▶ Exercise prompt
Starting at the line that contains "黑发浪漫的红发女孩在窗边看书害羞的欧洲年轻女子在打电话年轻女子交谈房子", print each line exactly through the end of the listing. Skip any pictures and add nothing.

Given data START

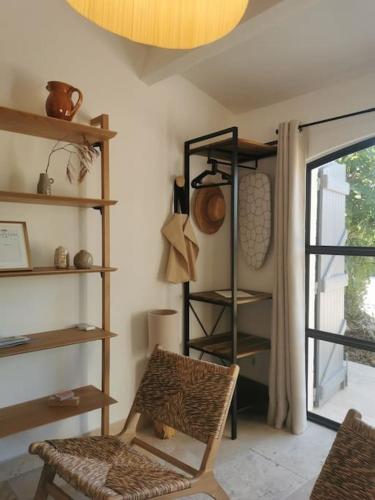 a room with a chair and shelves and a window at L'Atelier de Maison VB in Le Beausset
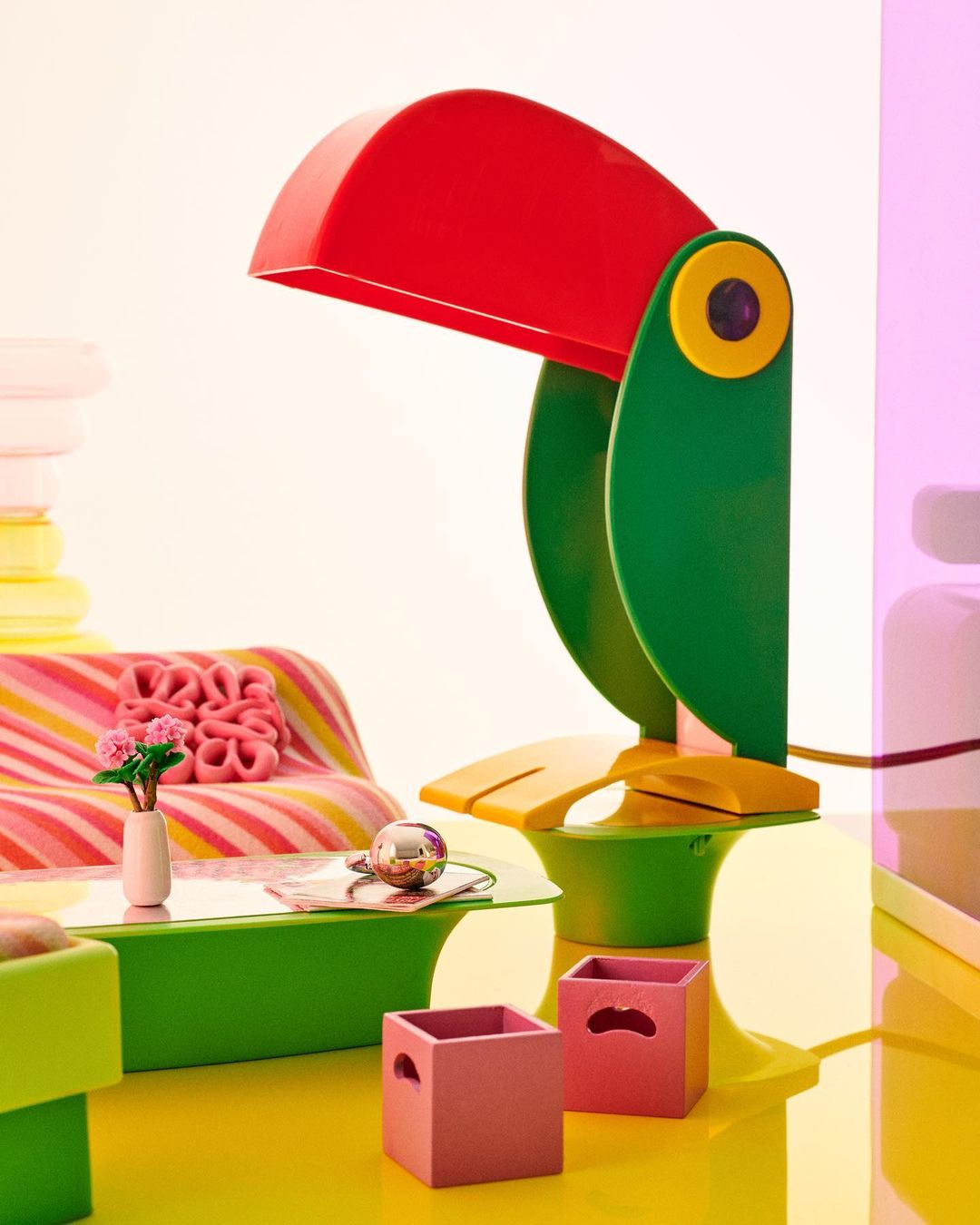 Stylized product shot features a colorful toucan lamp on a green table, surrounded by pink storage boxes, flowers, and vibrant hues.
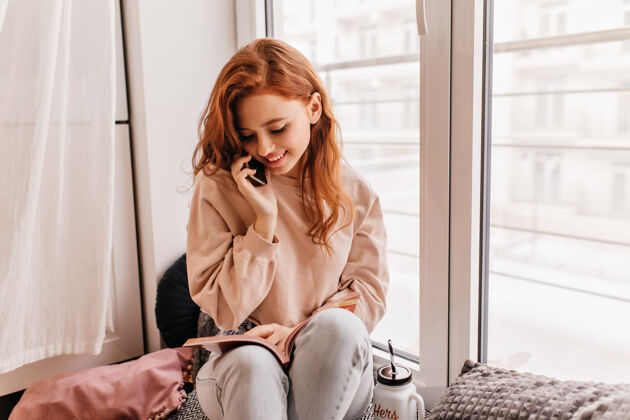黑发浪漫的红发女孩在窗边看书害羞的欧洲年轻女子在打电话年轻女子交谈房子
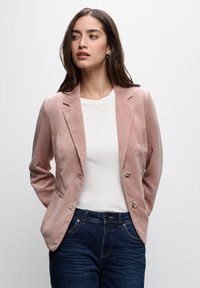Sametový sako v jemně růžov�é barvě, se střihaným designem, dvěma předními knoflíky a decentní texturou. V kombinaci s bílým topem a tmavými džínami.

Given data END

▶ Expected answer
黑发浪漫的红发女孩在窗边看书害羞的欧洲年轻女子在打电话年轻女子交谈房子
Sametový sako v jemně růžov�é barvě, se střihaným designem, dvěma předními knoflíky a decentní texturou. V kombinaci s bílým topem a tmavými džínami.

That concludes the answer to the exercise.